Messieurs, on juge fort mal de l'opinion de la France, parce qu'on ne va pas la chercher là où il faut. On va toujours chercher l'opinion de la France à Paris. Évidemment à Paris il y a un parti nombreux qui veut la guerre, parce qu'il espère y trouver un moyen de ressaisir les avantages qui lui ont été déniés par les derniers événements. Mais consultez les départements, vous verrez que ce n'est plus la même chose. Voyez ce qui s'est passé dans les derniers temps ! Souvenez-vous du résultat des dernières élections. Qu'ont fait les départements ? Ils ont envoyé à Paris des députés des centres. Les journaux de la capitale le leur ont amèrement reproché. Ils ont accusé les départements d'être frappés d'une terreur panique, et de méconnaître les avantages de la révolution de juillet. Et pourquoi ? parce que les élections n'avaient pas renforcé le parti libéral, qui se dit, à tort, le plus fort en France. (Réclamations nombreuses.)

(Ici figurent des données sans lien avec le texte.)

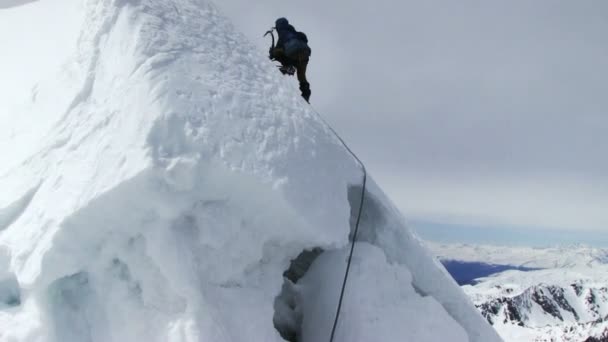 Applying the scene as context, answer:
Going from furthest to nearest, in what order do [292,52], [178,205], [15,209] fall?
[292,52], [15,209], [178,205]

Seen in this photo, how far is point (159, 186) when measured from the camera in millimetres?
4520

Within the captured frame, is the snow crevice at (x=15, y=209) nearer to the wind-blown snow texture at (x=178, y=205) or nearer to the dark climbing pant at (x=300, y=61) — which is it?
the wind-blown snow texture at (x=178, y=205)

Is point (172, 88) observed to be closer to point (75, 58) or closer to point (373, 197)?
point (75, 58)

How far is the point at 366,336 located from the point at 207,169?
268cm

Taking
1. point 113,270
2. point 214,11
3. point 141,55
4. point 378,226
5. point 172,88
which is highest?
point 214,11

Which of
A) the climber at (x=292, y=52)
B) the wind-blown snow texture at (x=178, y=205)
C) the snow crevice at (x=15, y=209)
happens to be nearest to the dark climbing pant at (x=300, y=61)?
the climber at (x=292, y=52)

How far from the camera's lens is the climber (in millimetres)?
8852

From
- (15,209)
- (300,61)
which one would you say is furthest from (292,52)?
(15,209)

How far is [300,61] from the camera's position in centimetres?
892

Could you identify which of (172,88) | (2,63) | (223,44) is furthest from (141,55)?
(2,63)

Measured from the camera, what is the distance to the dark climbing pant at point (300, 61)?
8.87m

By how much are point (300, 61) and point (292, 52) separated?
0.22m

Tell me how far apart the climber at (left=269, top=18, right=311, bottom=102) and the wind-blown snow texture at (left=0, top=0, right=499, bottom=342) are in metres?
2.32

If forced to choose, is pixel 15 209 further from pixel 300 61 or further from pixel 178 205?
pixel 300 61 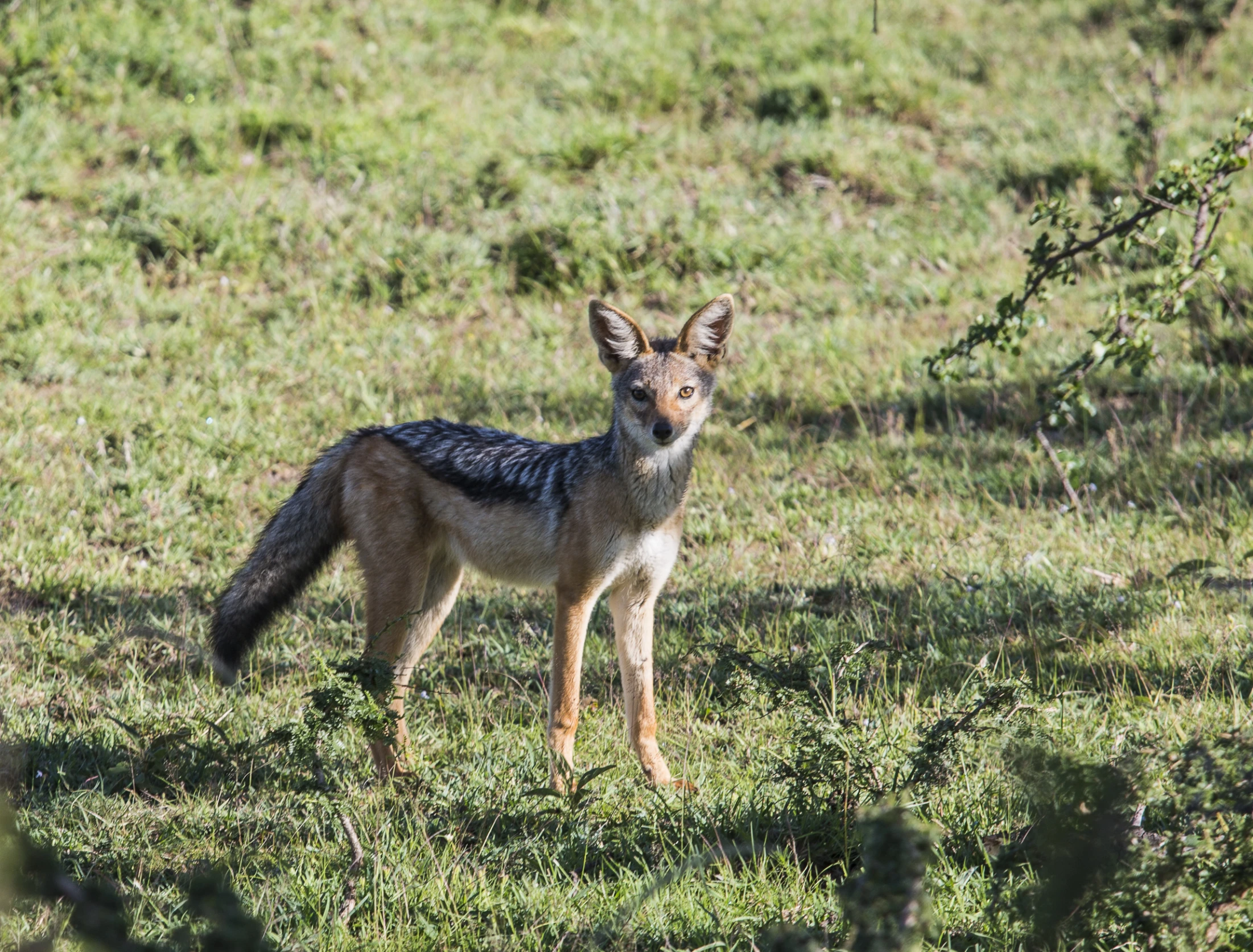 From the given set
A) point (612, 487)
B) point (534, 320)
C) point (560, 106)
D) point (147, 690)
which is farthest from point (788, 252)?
point (147, 690)

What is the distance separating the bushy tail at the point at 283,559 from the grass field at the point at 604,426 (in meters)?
0.32

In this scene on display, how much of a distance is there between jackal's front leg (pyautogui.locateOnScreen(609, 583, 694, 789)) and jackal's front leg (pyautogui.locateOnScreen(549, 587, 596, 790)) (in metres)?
0.18

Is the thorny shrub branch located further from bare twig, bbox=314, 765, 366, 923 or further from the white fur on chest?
bare twig, bbox=314, 765, 366, 923

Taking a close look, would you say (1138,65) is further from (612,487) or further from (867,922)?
(867,922)

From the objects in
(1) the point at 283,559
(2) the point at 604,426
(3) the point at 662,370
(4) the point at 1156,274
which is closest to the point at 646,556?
(3) the point at 662,370

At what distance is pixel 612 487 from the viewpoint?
15.9ft

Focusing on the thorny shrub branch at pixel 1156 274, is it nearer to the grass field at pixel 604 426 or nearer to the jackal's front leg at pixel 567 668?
the grass field at pixel 604 426

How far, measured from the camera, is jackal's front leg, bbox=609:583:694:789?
4.82 m

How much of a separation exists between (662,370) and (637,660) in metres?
1.30

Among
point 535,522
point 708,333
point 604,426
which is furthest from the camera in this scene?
point 604,426

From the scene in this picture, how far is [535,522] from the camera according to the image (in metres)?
5.04

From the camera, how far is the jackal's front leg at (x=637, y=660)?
15.8ft

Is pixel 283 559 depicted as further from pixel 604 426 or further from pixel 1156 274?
pixel 1156 274

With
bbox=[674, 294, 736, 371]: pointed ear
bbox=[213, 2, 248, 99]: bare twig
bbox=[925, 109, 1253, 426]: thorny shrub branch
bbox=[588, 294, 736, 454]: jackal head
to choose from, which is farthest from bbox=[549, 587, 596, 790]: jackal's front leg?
bbox=[213, 2, 248, 99]: bare twig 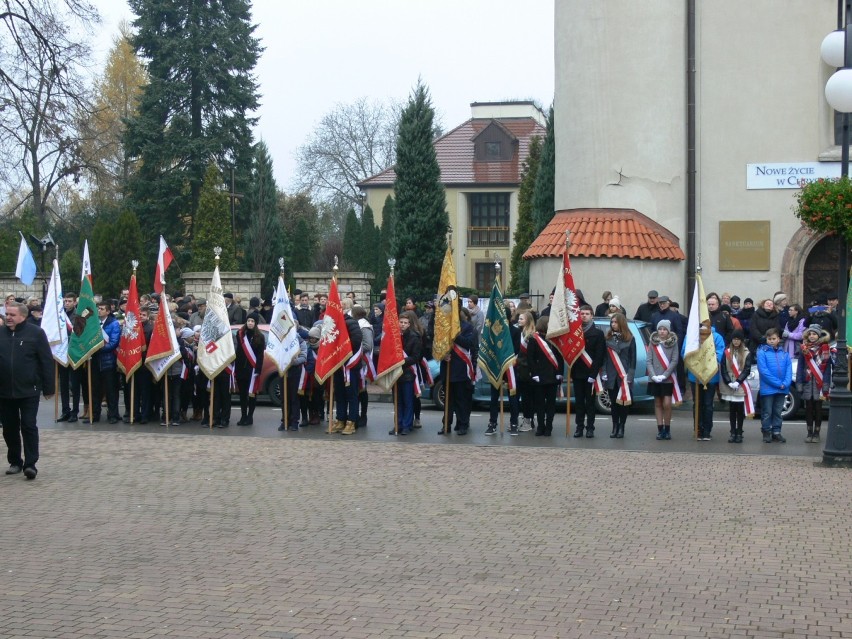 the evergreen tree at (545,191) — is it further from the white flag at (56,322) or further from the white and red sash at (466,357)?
the white flag at (56,322)

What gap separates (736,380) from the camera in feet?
49.3

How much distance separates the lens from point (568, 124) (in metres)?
24.7

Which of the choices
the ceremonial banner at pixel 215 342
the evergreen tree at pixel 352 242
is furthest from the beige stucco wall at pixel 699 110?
the evergreen tree at pixel 352 242

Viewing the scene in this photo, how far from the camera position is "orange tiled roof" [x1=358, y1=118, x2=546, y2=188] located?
57781mm

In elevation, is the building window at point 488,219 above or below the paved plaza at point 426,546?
above

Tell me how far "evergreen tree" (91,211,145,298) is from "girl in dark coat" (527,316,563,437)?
77.4 ft

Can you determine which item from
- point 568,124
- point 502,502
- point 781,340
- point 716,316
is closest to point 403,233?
point 568,124

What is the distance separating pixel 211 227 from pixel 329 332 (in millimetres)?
24446

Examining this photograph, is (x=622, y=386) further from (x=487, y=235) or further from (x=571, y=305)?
(x=487, y=235)

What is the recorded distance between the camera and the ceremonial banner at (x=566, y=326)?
15.6 metres

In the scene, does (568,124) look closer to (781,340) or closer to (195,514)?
(781,340)

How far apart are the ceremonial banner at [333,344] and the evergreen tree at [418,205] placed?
2038 centimetres

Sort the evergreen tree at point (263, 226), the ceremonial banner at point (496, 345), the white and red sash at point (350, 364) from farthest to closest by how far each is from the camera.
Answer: the evergreen tree at point (263, 226)
the white and red sash at point (350, 364)
the ceremonial banner at point (496, 345)

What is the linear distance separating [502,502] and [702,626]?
161 inches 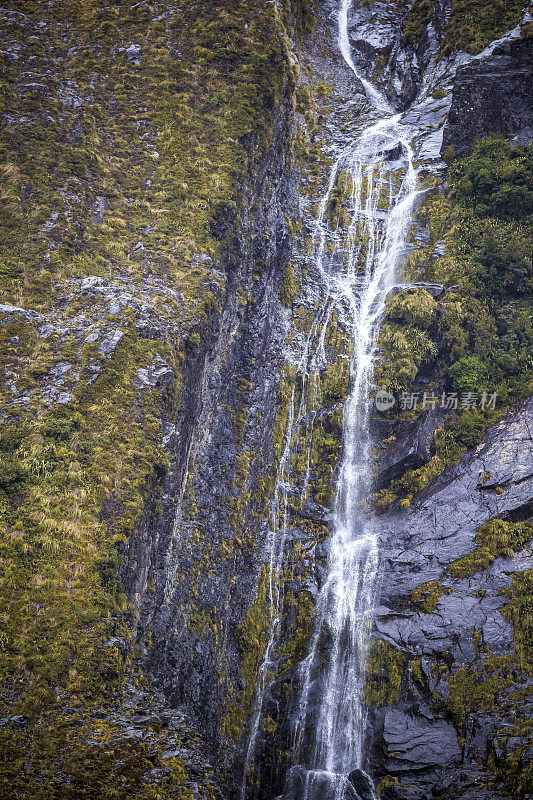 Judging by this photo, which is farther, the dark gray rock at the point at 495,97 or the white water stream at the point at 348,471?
the dark gray rock at the point at 495,97

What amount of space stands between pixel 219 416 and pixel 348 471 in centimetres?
557

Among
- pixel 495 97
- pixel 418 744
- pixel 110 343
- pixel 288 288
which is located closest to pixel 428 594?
pixel 418 744

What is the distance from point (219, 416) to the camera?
2070 centimetres

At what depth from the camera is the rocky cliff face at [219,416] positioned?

Dès que la question de la réunion serait agitée dans la législature, vous verriez les intérêts des marchands de draps et des forgerons, plaidés à la tribune avec talent et avec succès. La France voudra conserver ses débouchés, et ne verra pas sans peine un petit État très productif les partager avec elle. La France commerciale et industrielle peut transiger avec nous, parce que nous pouvons l'y amener par un système prohibitif bien entendu ; mais ne vous attendez pas à voir la ligne des douanes complètement effacée. Dans les ouvertures faites à la France, elle a laissé entrevoir qu'elle laisserait volontiers entrer nos toiles, nos bestiaux, nos charbons ; mais elle s'est montrée fort peu empressée quant à nos draps : ce n'est que par des combinaisons restrictives que nous pourrons la forcer à faire de plus larges concessions.
J'ai entendu avec étonnement un député du Hainaut dire que, sans la réunion à la France, nous ne pourrions jamais avoir le port d'Anvers. Mais cette réunion nous empêcherait de le posséder plus que toute autre combinaison ; car, si l'Angleterre consentait jamais à la réunion, ce ne serait (page 101) qu'à condition de faire d'Anvers un port libre.
Je me résume sur ce point, et je dis que les instructions de nos commissaires ne peuvent porter ni sur la fusion pure et simple, sur la fusion sous le gouvernement de S. M. Louis-Philippe, ni sur le duc de Nemours : mais je n'en pense pas moins que nous devons déléguer des envoyés à Londres et à Paris. Il est bon qu'ils aillent protester à Londres et à Paris de la profonde répugnance que nous éprouvons pour un prince mineur. Dans les temps ordinaires je n'en voudrais pas ; à plus forte raison quand nous sortons à peine d'une révolution, quand notre gouvernement est sans force morale, et qu'une guerre contre la Hollande devient de plus en plus inévitable. S'il n'est pas d'autre moyen d'assurer notre indépendance, en désespoir de cause il faudra bien se résoudre à cette combinaison. Aussi ne voudrais-je pas la flétrir d'avance, et repousser irrévocablement celui que le roi des Français paraît disposé à nommer son gendre : en effet si le roi de France ne veut la couronne belge ni pour lui ni pour son fils ; si le prince de Saxe-Cobourg ne peut être élu, ni le duc de Leuchtenberg, ni un citoyen belge, nous serons réduits à proclamer le prince de Bavière ou la république ; car, en définitive, pour constituer une monarchie, il faut nécessairement un roi, fût-il mineur.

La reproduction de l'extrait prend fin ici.